◆ TRY IT: Retype each line of the material below word for word; pictures stay out.

[[ MATERIAL SUPPLIED, beginning ]]

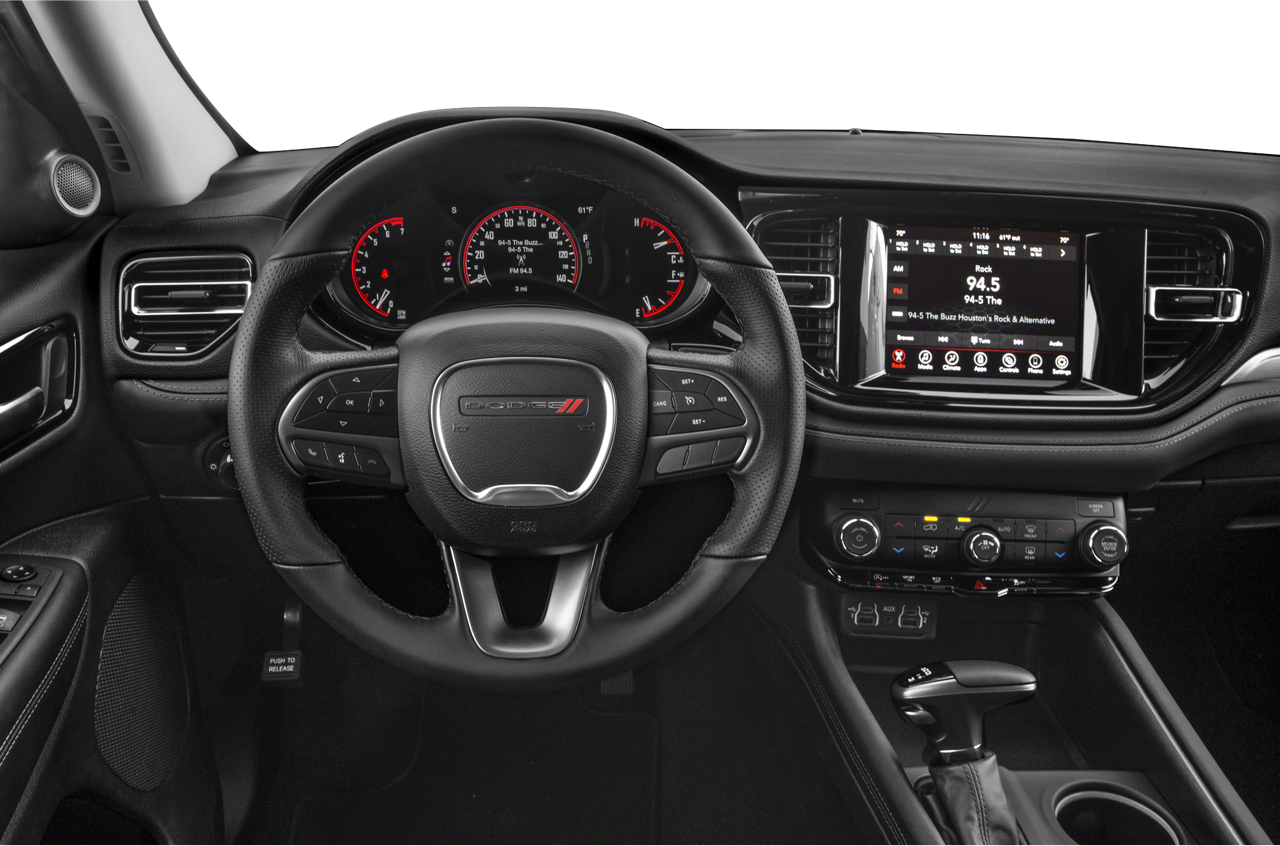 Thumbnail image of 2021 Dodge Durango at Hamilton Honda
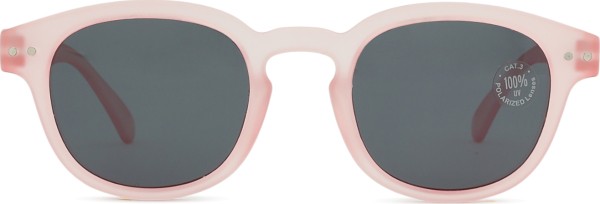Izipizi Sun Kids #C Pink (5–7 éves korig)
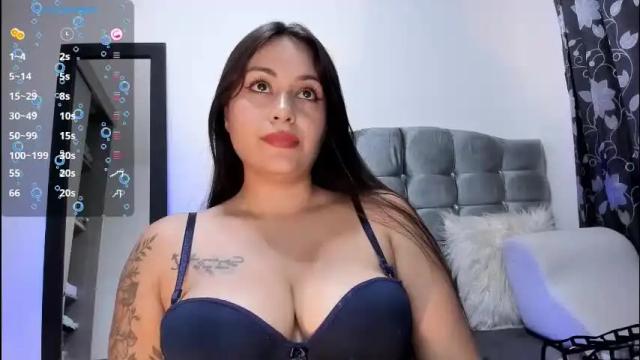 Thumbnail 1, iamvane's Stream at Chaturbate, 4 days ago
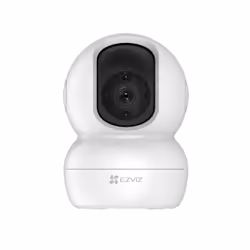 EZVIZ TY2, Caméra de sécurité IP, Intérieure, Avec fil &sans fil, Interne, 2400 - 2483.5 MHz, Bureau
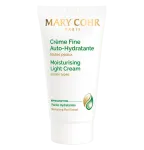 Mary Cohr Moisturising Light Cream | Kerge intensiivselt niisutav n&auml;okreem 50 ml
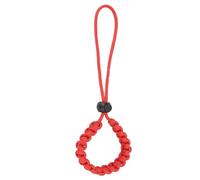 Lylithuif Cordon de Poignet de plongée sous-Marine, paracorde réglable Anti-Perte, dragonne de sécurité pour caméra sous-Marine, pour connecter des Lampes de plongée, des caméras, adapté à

[[ MATERIAL SUPPLIED, end ]]

◆ COMPLETED EXERCISE:
 Thumbnail image of 2021 Dodge Durango at Hamilton Honda
Izipizi Sun Kids #C Pink (5–7 éves korig)
 Thumbnail 1, iamvane's Stream at Chaturbate, 4 days ago
 EZVIZ TY2, Caméra de sécurité IP, Intérieure, Avec fil &sans fil, Interne, 2400 - 2483.5 MHz, Bureau
 Mary Cohr Moisturising Light Cream | Kerge intensiivselt niisutav n&auml;okreem 50 ml
 Lylithuif Cordon de Poignet de plongée sous-Marine, paracorde réglable Anti-Perte, dragonne de sécurité pour caméra sous-Marine, pour connecter des Lampes de plongée, des caméras, adapté à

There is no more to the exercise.